START MATERIAL PROVIDED
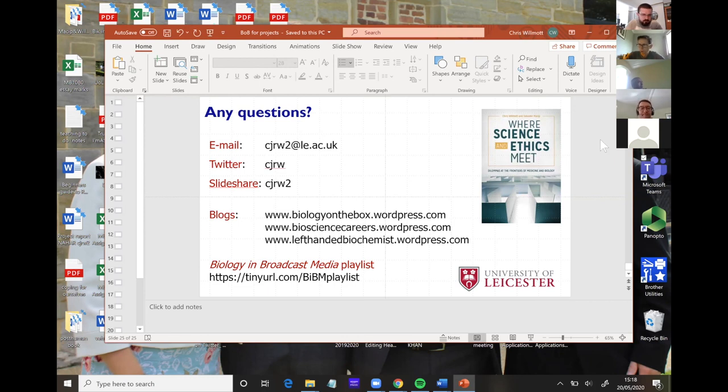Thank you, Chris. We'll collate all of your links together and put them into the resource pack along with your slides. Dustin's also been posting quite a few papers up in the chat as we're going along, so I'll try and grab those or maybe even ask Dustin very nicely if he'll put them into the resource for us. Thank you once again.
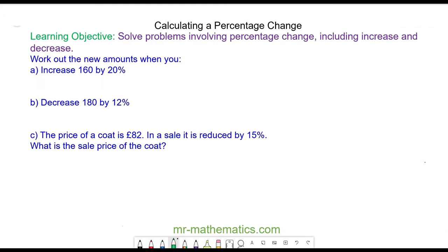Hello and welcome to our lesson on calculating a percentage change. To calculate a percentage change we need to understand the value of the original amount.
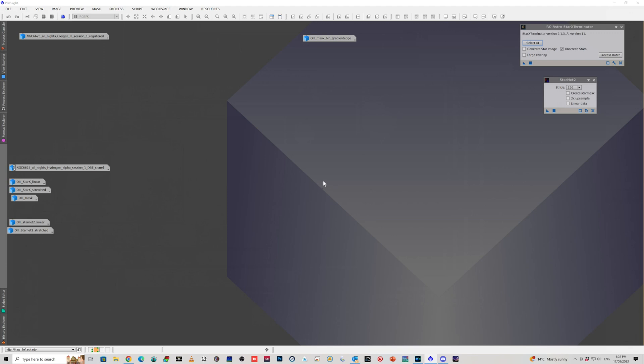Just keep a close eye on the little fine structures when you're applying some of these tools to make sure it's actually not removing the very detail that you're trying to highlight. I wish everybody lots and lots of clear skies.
END MATERIAL PROVIDED
* EXERCISE DETAILS *
Set down the complete material exactly, but do not include the images.

* EXPECTED ANSWER *
Thank you, Chris. We'll collate all of your links together and put them into the resource pack along with your slides. Dustin's also been posting quite a few papers up in the chat as we're going along, so I'll try and grab those or maybe even ask Dustin very nicely if he'll put them into the resource for us. Thank you once again.
Hello and welcome to our lesson on calculating a percentage change. To calculate a percentage change we need to understand the value of the original amount.
Just keep a close eye on the little fine structures when you're applying some of these tools to make sure it's actually not removing the very detail that you're trying to highlight. I wish everybody lots and lots of clear skies.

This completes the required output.